## AIM OF THE EXERCISE:
Restate all the lines below word for word, but omit the pictures.

## RAW DATA:
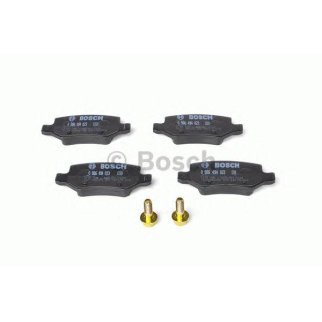 Колодки тормозные задние к-кт BOSCH 0 986 494 023 фото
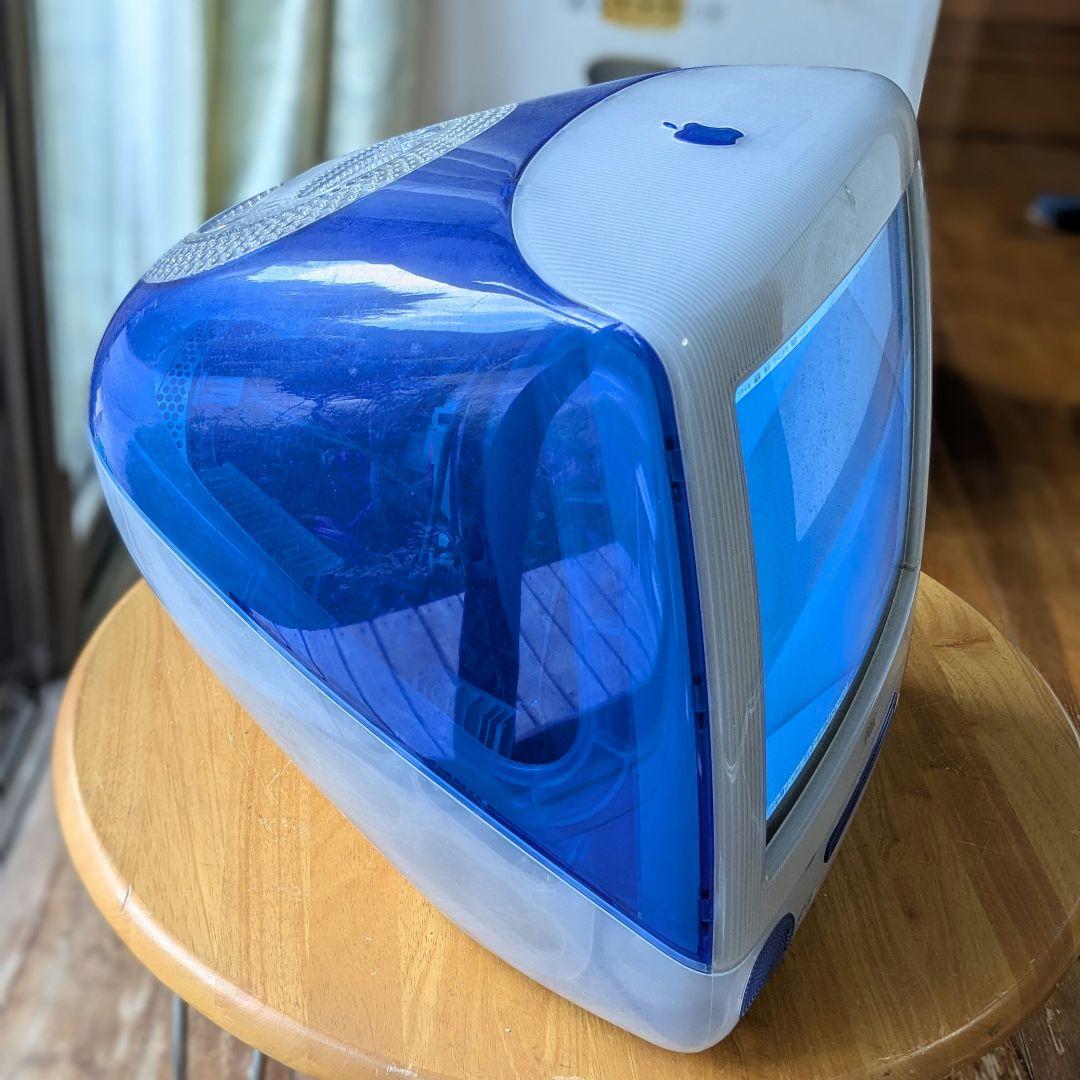 iMac G3 Indigo スケルトン インディゴ
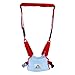 D-Mcark Baby Walker Toddler Walking Assistant Aid Safety Harness Wide Strap Rein with Stick Handle Velcro Backpack for Boys and Girls Red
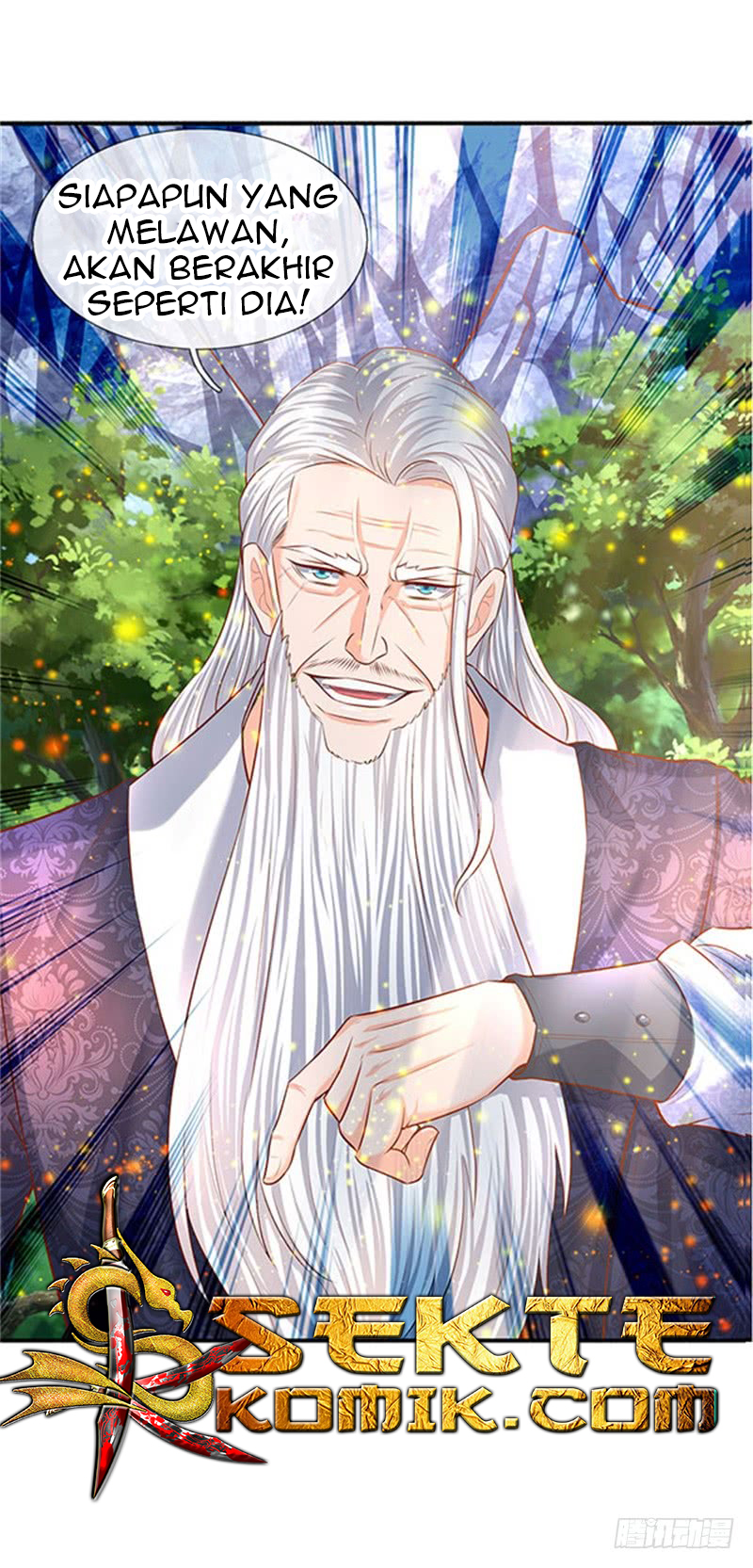 Wan Gu Shen Wang Chapter 56 Gambar 25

## ANSWER TO THIS EXERCISE:
 Колодки тормозные задние к-кт BOSCH 0 986 494 023 фото
 iMac G3 Indigo スケルトン インディゴ
 D-Mcark Baby Walker Toddler Walking Assistant Aid Safety Harness Wide Strap Rein with Stick Handle Velcro Backpack for Boys and Girls Red
 Wan Gu Shen Wang Chapter 56 Gambar 25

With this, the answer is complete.